"It's a long road back - it's a long process," Sharapova said at her news conference, the WTA's glass vase signifying her No. 1 status sitting inches away. "It's a lot of days of frustration and uncertainty, not knowing if you'll ever get there, not knowing how much you want it, not knowing whether [there] would be a moment like that for you again. . . . But when you get here, and you look back at the things that you did, and the work that you put in, and the toughest days that you can remember, it's all really worth it."
On Saturday, the second-seeded Russian will face 21st-seeded Sara Errani for the title. The French Open is the only major tournament Sharapova hasn't won - she can become the 10th woman to complete a career Grand Slam.
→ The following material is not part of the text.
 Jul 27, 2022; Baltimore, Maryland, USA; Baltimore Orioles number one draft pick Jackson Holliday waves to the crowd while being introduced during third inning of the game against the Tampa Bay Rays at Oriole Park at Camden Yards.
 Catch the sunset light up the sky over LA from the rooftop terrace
Playing in her first Grand Slam semifinal, the diminutive Errani beat reigning U.S. Open champion Sam Stosur, 7-5, 1-6, 6-3.
It's been quite a two weeks for Errani, who will play in the women's doubles final Friday with Roberta Vinci against Maria Kirilenko and Nadia Petrova.
Entering this tournament, Errani was 0-28 against women ranked in the top 10. But she beat No. 10 Angelique Kerber in the quarterfinals, then No. 6 Stosur.
In the men's semifinals Friday, No. 1 Novak Djokovic faces No. 3 Roger Federer, and No. 2 Rafael Nadal plays No. 6 David Ferrer.